* _TASK INSTRUCTIONS_: Take the lines below from the one with "Fototapeta na wymiar" through the one with "Srebrne Elfy – sesja z koniem Nordico" and retype them exactly. Include nothing else, and no pictures.

* _DATA SUPPLIED_:

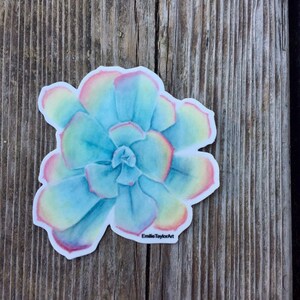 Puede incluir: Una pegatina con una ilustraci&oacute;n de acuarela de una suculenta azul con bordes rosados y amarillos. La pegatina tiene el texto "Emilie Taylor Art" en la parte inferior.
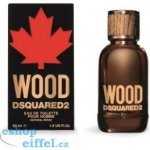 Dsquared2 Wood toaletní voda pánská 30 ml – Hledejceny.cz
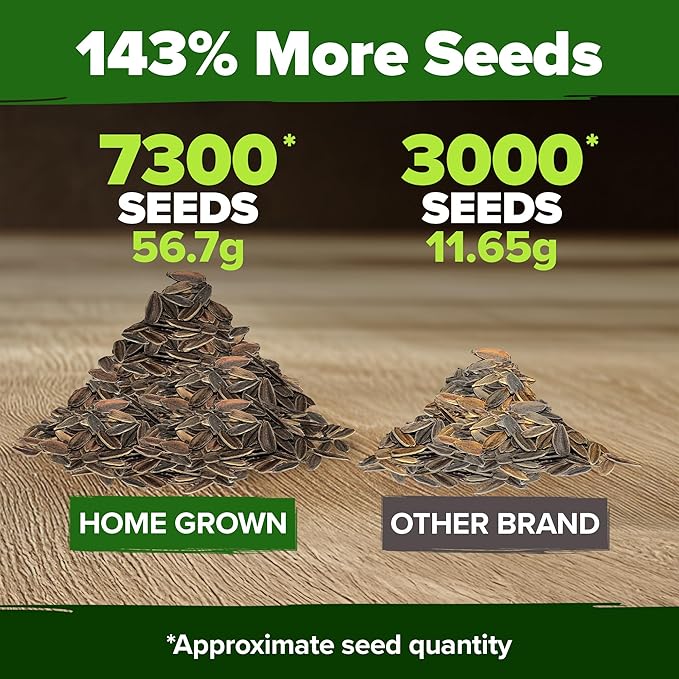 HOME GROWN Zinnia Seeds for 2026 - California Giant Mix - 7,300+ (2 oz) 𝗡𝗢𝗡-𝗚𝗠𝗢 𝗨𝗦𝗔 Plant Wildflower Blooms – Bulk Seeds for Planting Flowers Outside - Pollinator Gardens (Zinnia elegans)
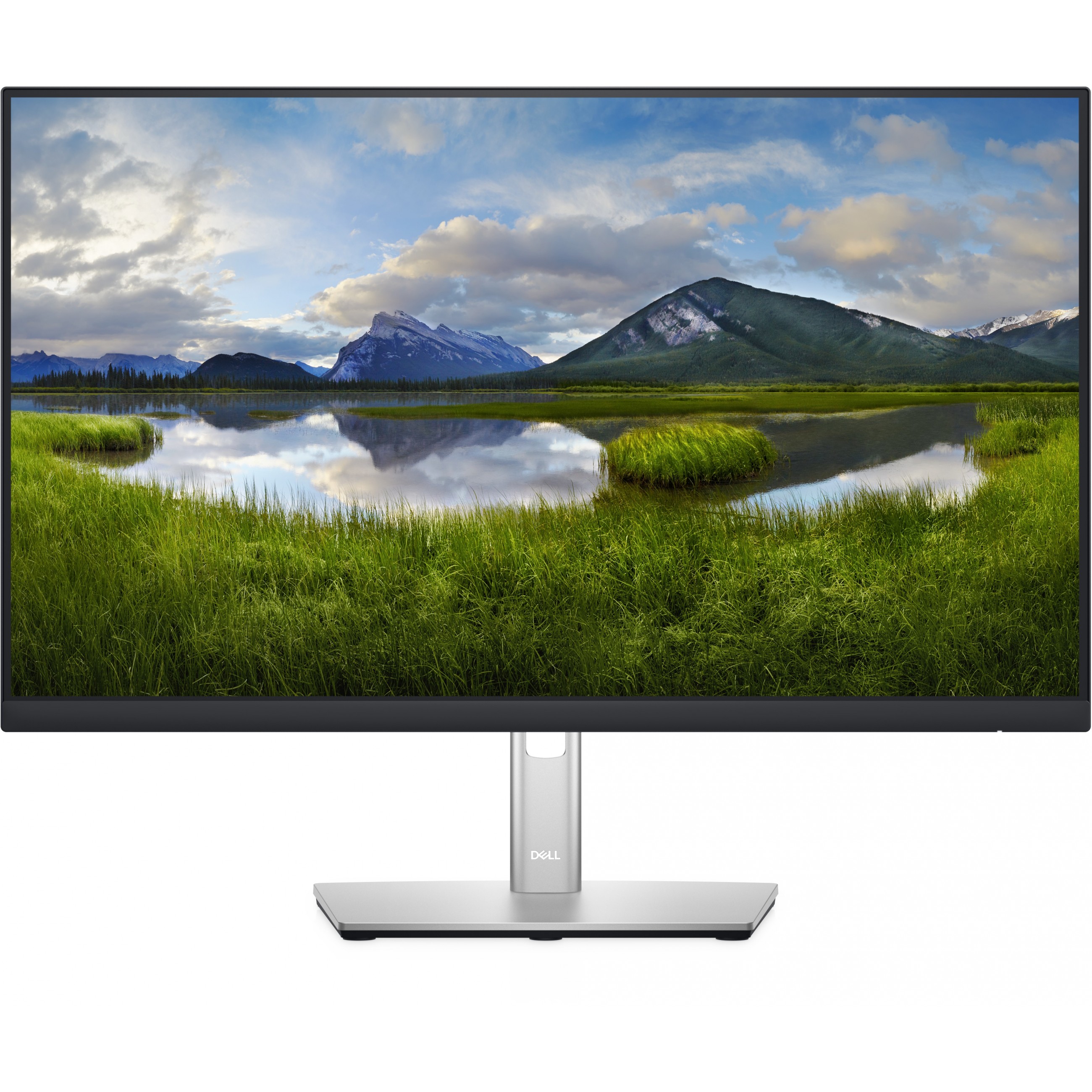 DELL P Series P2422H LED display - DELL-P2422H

==

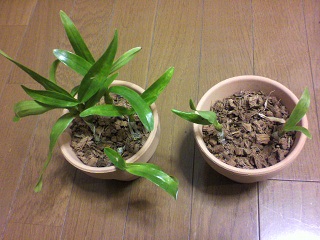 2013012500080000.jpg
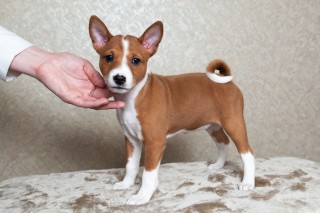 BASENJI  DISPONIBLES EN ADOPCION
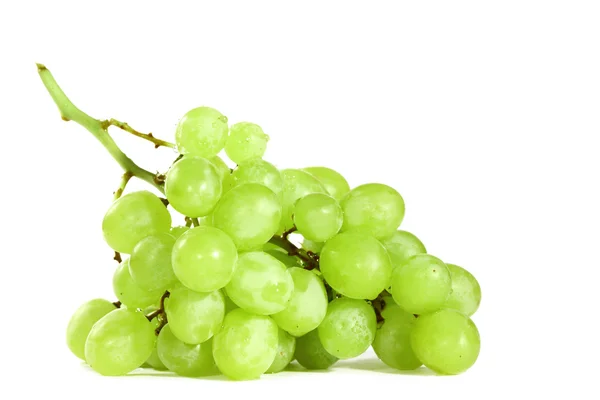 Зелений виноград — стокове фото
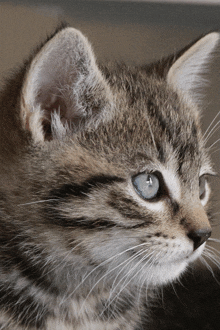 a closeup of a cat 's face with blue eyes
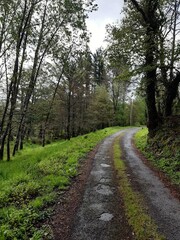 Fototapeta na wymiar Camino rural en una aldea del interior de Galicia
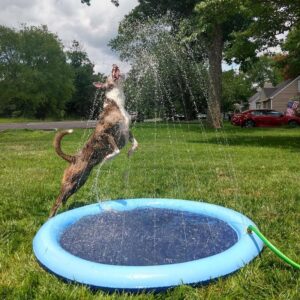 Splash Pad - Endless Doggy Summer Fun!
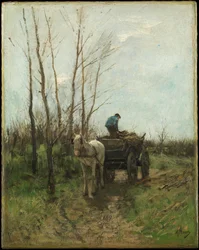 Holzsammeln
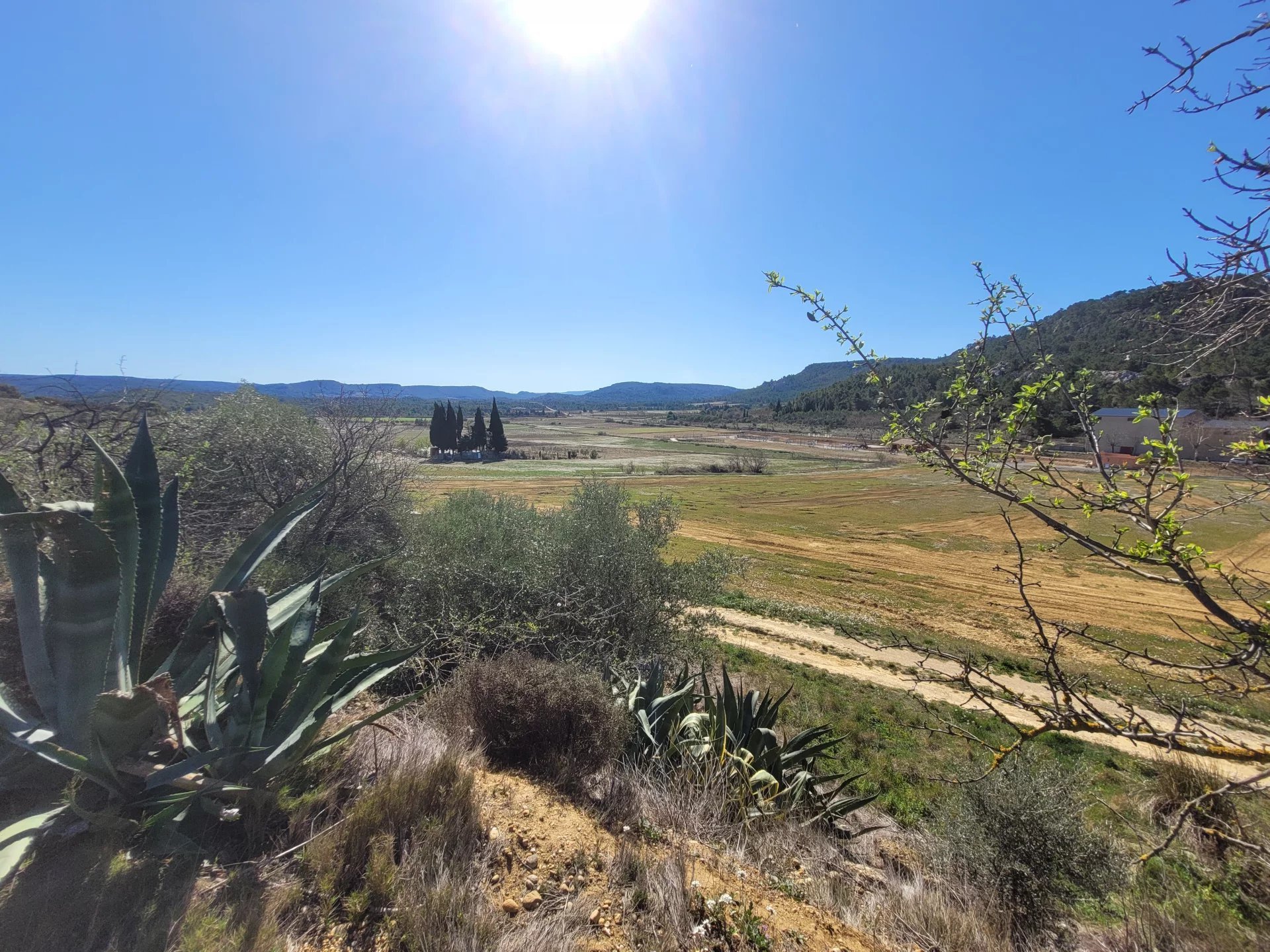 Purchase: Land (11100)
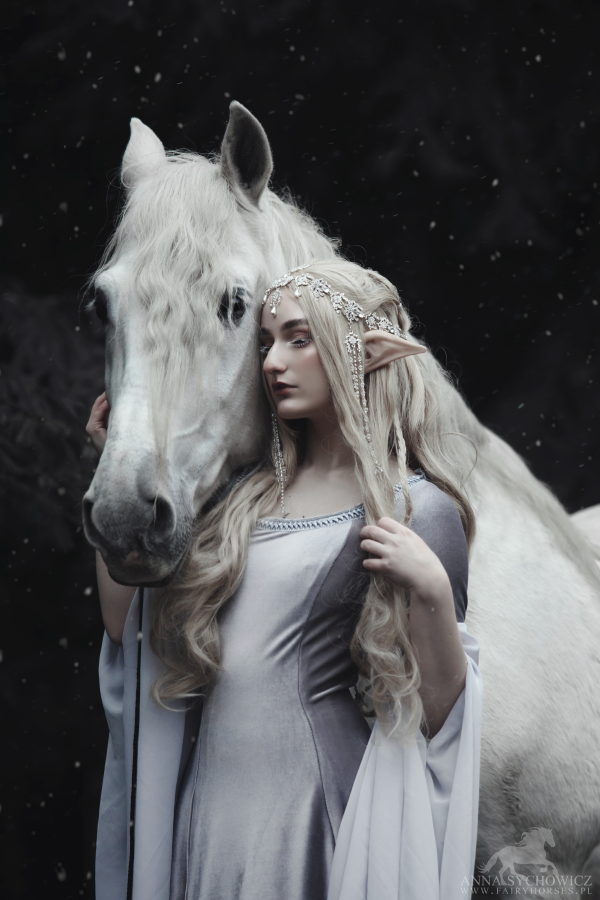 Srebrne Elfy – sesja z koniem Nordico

* _RESULT FOR THIS EXERCISE_:
 Fototapeta na wymiar Camino rural en una aldea del interior de Galicia
 Splash Pad - Endless Doggy Summer Fun!
 Holzsammeln
 Purchase: Land (11100)
 Srebrne Elfy – sesja z koniem Nordico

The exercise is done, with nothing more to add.